Ditambahkan, jadwal Presiden Jokowi serta perhatiannya akan berbagai isu penting dan mendesak mengakibatkan undangan ini baru dapat dipenuhi pada tanggal 25-27 Oktober 2015. 

Ditegaskan pula bahwa sama halnya dengan persiapan kunjungan Presiden RI ke negara-negara lain, persiapan kunjungan ke Amerika Serikat tersebut dipimpin oleh Menteri Luar Negeri, berkoordinasi dengan berbagai kementerian dan lembaga, parlemen, KBRI Washington D.C., Konsulat Jenderal RI di San Francisco, Kedutaan Besar Amerika Serikat di Jakarta, serta kalangan bisnis dan para pemangku kepentingan lainnya.

Kemlu RI juga mengklaim, persiapan untuk kunjungan tersebut juga mencakup sejumlah pertemuan tingkat Menteri dan kunjungan timbal balik para Menteri dan pejabat tinggi dari kedua negara, sejumlah misi bisnis, dan puncaknya adalah pertemuan antara Menteri Luar Negeri RI dengan Menteri Luar Negeri Amerika Serikat di Washington, D.C. pada tanggal 21 September 2015. Hal ini menandai pentingnya kesuksesan hubungan bilateral Indonesia-Amerika Serikat yang bukan hanya menjadi kepentingan Pemerintah, namun juga berbagai pemangku kepentingan di Indonesia secara menyeluruh.

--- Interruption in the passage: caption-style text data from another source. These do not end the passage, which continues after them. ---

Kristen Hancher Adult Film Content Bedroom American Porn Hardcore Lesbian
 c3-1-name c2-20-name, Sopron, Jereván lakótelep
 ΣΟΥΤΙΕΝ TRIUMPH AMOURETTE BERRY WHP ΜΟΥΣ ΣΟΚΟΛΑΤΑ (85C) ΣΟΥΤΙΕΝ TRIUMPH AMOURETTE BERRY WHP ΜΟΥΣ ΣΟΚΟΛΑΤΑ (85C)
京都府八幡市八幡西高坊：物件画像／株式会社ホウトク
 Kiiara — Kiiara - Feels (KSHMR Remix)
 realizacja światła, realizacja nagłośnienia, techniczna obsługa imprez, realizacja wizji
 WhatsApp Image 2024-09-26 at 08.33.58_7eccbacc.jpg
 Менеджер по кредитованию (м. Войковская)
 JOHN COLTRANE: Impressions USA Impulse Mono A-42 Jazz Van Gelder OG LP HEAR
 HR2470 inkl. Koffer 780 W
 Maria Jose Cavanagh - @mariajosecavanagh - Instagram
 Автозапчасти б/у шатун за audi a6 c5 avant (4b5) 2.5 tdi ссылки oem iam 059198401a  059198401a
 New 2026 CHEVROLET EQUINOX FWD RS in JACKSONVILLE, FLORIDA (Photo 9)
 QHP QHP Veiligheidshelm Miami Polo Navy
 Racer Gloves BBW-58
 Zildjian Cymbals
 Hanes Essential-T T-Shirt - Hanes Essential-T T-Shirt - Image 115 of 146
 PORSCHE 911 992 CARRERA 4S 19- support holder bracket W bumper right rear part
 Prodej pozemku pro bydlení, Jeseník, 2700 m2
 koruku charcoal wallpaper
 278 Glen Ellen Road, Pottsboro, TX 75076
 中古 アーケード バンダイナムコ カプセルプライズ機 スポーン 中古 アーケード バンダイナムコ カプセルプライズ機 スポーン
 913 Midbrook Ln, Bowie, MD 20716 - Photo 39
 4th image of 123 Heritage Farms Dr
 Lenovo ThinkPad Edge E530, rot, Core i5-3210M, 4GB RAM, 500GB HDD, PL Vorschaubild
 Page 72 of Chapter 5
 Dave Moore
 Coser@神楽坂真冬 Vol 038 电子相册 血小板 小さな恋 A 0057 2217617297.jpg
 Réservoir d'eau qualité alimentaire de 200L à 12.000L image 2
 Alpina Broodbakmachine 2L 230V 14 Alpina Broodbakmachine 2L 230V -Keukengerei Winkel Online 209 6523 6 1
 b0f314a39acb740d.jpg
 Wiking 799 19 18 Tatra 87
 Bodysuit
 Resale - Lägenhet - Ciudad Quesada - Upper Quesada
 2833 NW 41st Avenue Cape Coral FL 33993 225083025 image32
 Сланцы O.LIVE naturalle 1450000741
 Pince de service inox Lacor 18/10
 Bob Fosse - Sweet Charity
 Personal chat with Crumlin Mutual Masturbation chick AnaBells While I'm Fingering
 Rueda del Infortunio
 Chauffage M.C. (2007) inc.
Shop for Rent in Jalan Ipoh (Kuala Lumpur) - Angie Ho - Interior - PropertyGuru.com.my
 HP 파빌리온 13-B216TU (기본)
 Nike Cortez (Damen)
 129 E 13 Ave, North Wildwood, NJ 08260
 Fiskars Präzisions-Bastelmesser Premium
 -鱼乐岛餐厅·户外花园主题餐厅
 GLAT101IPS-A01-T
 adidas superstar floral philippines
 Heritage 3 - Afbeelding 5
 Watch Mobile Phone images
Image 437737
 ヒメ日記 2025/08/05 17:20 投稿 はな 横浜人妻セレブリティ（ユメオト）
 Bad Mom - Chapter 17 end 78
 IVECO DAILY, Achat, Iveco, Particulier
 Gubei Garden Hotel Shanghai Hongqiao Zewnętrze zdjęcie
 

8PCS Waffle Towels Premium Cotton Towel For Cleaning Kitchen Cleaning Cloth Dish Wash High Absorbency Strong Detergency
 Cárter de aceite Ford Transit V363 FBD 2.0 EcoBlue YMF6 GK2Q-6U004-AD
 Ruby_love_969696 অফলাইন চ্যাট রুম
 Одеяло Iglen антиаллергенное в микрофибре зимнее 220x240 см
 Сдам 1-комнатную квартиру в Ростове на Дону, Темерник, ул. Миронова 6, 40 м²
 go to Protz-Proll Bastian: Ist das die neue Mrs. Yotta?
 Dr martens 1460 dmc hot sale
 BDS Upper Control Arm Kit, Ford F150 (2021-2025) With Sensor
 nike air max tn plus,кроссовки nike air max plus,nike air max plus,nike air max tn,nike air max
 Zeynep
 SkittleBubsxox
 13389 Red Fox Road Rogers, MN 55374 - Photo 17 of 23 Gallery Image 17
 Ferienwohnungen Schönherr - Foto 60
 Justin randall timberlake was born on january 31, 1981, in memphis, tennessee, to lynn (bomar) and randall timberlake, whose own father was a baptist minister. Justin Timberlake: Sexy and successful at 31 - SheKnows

"Persiapan intensif ini memungkinkan ditandatanganinya lebih dari 18 perjanjian bisnis senilai lebih dari US$ 20 miliar dan sejumlah Nota Kesepahaman antara Pemerintah Amerika Serikat dan Indonesia. Kunjungan ini juga meningkatkan hubungan kedua negara menjadi mitra yang lebih strategis,” lanjut keterangan itu.

Ditegaskan Kemlu RI lagi bahwa Pemerintah RI tidak menggunakan jasa pelobi dalam mengatur dan mempersiapan kunjungan Presiden ke Amerika Serikat. Kemlu juga tidak pernah mengeluarkan anggaran Kementerian untuk jasa pelobi, namun memahami bahwa penggunaan jasa pelobi merupakan bagian nyata dari dunia politik di Amerika Serikat dan seringkali digunakan oleh pemangku kepentingan dan pemerintah negara-negara lain di dunia untuk memajukan kepentingan mereka di Amerika Serikat.

"Merujuk pada tuduhan yang tidak berdasar akan adanya perselisihan antara Menteri Luar Negeri dan salah satu menteri lain pada saat persiapan kunjungan ini, Kementerian Luar Negeri menyesalkan bahwa seorang akademisi yang terhormat (penulsi artikel, Michael Buehler) dapat menyampaikan suatu pernyataan yang tidak benar,” tutup keterangan itu.

Dalam isu yang tersebar, pertemuan Presiden RI Joko Widodo dan Presiden AS Barack Hussein Obama beberapa waktu lalu difasilitasi oleh konsultan.

Akademisi dari Australia National University (ANU) Dr. Michael Buehler mengungkapkan pertemuan tersebut diatur konsultan dari Singapura yang membayar sebesar 80 ribu dolar AS kepada perusahaan PR di Las Vegas.

Dalam artikelnya di website kampus itu, Buehler menyebutkan konsultan Singapura Pereira International PTE LTD menjalin kontrak dengan  R&R Partners, Inc. yang berada di Los Angeles. Perjanjian tanggal tanggal 8 Juni itu dicatat Kementerian Hukum AS pada tanggal 17 Juni.

Dalam kontrak itu, R&R Partners berperan sebagai pihak yang mewakili lembaga eksekutif Republik Indonesia dan akan mengatur pertemuan dengan pembuat kebijakan dan anggota Kongres juga Kementerian Luar Negeri.